Products that are perfectly sealed on a seals for bottles machine provide consumer confidence in their quality and safety.
Manufacturers know that a poor quality seal on their products not only threatens consumer perception of their company and products, but also results in product loss and damage in transit.
Understanding how to identify and control induction sealing variables helps to achieve a perfect seal.
The process of developing a perfect sealing solution includes having the compatibility conditions between the lid, liner and sealer; setting an operating window; and establishing the testing method to identify a good seal.
Material Compatibility
A perfect seal can be achieved with any type of container.
The choice of the appropriate induction seal depends on the product to be packaged. If the product contains any volatile or potentially aggressive ingredients, chemicals, acids, solvents, high sodium content, alcohol or vinegar, a seal with a protective layer or barrier may be necessary and can be placed between the film being heated to seal and the foil to prevent corrosion.

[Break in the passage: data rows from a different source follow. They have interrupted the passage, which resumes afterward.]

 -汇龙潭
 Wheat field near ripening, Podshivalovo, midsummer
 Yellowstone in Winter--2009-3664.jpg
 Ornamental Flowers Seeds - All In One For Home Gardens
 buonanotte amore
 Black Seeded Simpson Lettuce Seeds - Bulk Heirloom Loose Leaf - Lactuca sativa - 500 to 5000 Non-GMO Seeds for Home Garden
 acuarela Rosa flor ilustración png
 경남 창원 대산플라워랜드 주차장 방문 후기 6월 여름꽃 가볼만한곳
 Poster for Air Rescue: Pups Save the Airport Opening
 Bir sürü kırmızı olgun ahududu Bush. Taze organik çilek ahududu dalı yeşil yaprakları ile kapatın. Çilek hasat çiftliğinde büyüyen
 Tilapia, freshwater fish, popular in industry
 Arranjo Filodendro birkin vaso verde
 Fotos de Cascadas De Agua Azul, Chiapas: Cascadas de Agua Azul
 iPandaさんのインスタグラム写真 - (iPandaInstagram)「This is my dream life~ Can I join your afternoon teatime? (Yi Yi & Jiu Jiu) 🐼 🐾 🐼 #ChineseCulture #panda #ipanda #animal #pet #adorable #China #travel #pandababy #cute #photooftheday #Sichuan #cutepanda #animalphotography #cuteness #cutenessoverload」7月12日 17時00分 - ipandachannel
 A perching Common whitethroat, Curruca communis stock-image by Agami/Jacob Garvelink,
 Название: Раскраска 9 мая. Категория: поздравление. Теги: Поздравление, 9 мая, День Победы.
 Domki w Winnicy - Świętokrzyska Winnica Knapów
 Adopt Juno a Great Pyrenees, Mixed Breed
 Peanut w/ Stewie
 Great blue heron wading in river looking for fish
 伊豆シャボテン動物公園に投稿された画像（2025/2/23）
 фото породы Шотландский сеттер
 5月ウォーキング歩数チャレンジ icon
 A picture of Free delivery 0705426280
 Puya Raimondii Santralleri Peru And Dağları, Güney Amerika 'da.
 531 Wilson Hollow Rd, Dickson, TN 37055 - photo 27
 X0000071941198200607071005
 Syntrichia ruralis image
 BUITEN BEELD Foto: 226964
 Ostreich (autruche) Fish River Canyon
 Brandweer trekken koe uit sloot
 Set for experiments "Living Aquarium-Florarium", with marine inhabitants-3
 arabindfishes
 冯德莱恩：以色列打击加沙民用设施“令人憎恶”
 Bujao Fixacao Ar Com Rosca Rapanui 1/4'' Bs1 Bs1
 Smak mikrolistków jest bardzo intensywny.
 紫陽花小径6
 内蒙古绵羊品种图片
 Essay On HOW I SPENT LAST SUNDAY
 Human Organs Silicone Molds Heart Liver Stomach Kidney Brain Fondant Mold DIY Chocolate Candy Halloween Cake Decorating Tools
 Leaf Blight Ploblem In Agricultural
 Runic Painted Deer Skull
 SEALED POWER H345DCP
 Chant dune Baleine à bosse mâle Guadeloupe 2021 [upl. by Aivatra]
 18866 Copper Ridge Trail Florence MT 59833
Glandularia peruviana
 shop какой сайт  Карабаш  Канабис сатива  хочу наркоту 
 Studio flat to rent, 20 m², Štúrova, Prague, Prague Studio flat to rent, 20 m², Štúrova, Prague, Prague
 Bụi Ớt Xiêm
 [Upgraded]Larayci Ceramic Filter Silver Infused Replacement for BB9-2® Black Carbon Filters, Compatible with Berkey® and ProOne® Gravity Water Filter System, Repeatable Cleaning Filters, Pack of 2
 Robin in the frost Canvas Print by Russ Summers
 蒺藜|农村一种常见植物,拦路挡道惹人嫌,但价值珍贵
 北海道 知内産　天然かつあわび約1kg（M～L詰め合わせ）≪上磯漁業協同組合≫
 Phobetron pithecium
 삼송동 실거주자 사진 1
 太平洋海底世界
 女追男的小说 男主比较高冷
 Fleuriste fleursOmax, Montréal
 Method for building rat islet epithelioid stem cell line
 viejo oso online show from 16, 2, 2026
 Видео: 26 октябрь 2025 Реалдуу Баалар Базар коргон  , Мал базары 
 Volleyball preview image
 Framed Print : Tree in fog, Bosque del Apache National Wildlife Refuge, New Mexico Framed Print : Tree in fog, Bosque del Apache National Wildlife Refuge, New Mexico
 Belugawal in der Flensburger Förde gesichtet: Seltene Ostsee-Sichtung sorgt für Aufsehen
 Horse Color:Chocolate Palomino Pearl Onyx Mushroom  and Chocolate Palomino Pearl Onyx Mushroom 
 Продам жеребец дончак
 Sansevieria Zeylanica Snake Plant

Liners are the next consideration. One type of liners is a one-piece liners, which has a backing usually of cardboard, foam or a layer of paper. When induction is performed the entire structure is sealed to the mouth of the container with nothing left in the lid.
This type of liners is typically used for food, beverages and vitamins or for products that do not require another seal on the lid to seal the product once the foil has been removed.
Another classification is the two-piece liner. This is a two-piece wax-bonded material, which has a backing usually of cardboard or foam bonded to the aluminum with wax.
During the induction process the wax is heated, melts and is absorbed by the backing, which remains inside the lid and allows the product to be sealed by seals for bottles when the container is closed once the aluminum has been removed. When working with aggressive or volatile products, a barrier layer can be included to act as a barrier between the heat-sealing layer and the foil.
There is also a two-piece seal that combines a higher containment barrier and the foil seal. The backing of this seal has a polyester foil in order to provide better oxygen permeability and better vapor or moisture transmission once the seal has been removed.
Finally, the removal characteristics of the seal must be determined. Does your application require a seal that will not leave seal residue in the mouth of the container when removed? Does your product require a seal that will weld to the mouth of the container or leave evidence of tampering and must be destroyed upon opening? Or do you require an easily accessible seal, which can be opened by pressing it with a finger or knife?
How to determine a good seal
While there are no industry standards for testing seal integrity, there are several ways to determine seal quality. Among the most effective methods are vacuum testing, dispensing/transporting the product to see how it responds, visual systems, mechanical pressure, shaking, squeezing or standing on a sealed container.
There are also certain characteristics that, at a glance, show us that we are in front of a good seal, such as a non-faded seals for bottles, adhesion along the entire circumference of the mouth of the container, a minimum seal crease and in two-piece seals, the latter is not obscured by overheating.
It will be beneficial to have a diagnostic process based on the information provided in this article to identify and resolve any of the problems with induction sealing, as many of them can be avoided by establishing quality control procedures on closures and containers, controlling the storage climate, conducting inventories, etc.